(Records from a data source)
- Opening Delimiter -

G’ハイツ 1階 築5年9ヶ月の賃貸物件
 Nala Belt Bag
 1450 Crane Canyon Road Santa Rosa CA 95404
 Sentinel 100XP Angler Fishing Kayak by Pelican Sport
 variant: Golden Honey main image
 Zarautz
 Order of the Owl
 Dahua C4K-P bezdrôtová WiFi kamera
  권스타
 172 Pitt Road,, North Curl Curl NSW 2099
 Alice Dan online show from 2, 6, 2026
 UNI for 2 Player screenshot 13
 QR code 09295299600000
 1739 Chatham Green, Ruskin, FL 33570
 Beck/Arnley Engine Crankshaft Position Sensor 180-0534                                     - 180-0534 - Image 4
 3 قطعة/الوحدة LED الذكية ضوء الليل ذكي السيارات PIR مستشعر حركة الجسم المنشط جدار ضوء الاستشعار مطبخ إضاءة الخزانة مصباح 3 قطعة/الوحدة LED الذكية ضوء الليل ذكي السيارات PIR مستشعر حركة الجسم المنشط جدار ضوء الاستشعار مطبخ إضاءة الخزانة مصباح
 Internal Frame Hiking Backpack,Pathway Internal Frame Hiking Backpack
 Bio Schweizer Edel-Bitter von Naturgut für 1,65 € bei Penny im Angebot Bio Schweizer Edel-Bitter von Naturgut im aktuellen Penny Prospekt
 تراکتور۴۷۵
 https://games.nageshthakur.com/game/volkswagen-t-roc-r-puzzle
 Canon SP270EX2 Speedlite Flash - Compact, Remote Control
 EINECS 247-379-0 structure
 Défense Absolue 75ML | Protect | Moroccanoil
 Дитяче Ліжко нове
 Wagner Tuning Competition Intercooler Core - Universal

- Closing Delimiter -

(PROBLEM)
Take exactly the lines from the one containing "Sentinel 100XP Angler" through the one containing "1739 Chatham Green, Ruskin, FL 33570" in the data above, and output them with nothing added.

(TASK SOLUTION)
 Sentinel 100XP Angler Fishing Kayak by Pelican Sport
 variant: Golden Honey main image
 Zarautz
 Order of the Owl
 Dahua C4K-P bezdrôtová WiFi kamera
  권스타
 172 Pitt Road,, North Curl Curl NSW 2099
 Alice Dan online show from 2, 6, 2026
 UNI for 2 Player screenshot 13
 QR code 09295299600000
 1739 Chatham Green, Ruskin, FL 33570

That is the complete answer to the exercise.